Multivariable Mendelian randomization method showing causal effects of HDL-C and TG on early AMD. SNP, single nucleotide polymorphism; BMI, Body mass index; HDL-C, high-density lipoprotein cholesterol; OR, Odd ratio; CI, Confidence interval

Validation of the causal effects of TG and HDL-C on early AMD

To corroborate the reliability of the results about the causal effects of TG and HDL-C on early AMD, we further replicated MR analysis based on other different GWAS datasets about “Total triglycerides (GWASID: met-d-Total_TG)” and “HDL cholesterol (GWASID: met-d-HDL_C)” (Table 1). Here, 92 SNPs related to total triglycerides and 133 SNPs related to HDL cholesterol were included in this validation analysis, respectively. Consistently, we noticed that the significant associations of TG (OR = 0.795, 95% CI 0.732–0.864, P = 5.325 × 10−8) and HDL-C (OR = 1.201, 95% CI 1.101–1.310, P = 3.606 × 10−5) with early AMD risk were significant using the IVW (multiplicative random effects) method respectively, although possible heterogeneities were observed (P_heterogeneity < 0.05) (Table 2).

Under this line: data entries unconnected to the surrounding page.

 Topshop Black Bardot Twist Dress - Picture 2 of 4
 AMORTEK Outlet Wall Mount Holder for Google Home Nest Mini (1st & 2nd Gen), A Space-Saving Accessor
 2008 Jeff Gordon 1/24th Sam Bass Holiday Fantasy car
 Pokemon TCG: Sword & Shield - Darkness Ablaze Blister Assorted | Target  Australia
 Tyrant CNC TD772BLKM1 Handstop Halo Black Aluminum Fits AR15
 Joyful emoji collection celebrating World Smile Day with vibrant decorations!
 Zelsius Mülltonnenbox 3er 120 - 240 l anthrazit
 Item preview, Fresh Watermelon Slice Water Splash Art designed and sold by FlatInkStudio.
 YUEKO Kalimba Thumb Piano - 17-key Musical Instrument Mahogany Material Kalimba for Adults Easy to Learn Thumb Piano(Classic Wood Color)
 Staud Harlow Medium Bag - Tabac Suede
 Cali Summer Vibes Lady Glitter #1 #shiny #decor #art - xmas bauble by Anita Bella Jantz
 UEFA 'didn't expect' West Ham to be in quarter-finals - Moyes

Furthermore, we performed a leave-one-out sensitivity test for the above risk factors, including “never eat wheat products”, “dairy smoothie intake”, “chronotype”, “age started wearing glasses/contact lenses”, “use of sun/UV protection”, “black hair color”, “dark brown hair colour”, “light brown hair color”, “skin colour”, “high cholesterol”, “TG”, “HDL-C”, “DLD-C”, “ApoA1”, “ApoB”, “total FA”, “SFA”, “MUFA”, and “PUFA”. We eliminated SNPs of each risk factor one by one and calculated the MR results for the remaining SNPs. All of them showed stability of the results (Fig. S1A–U).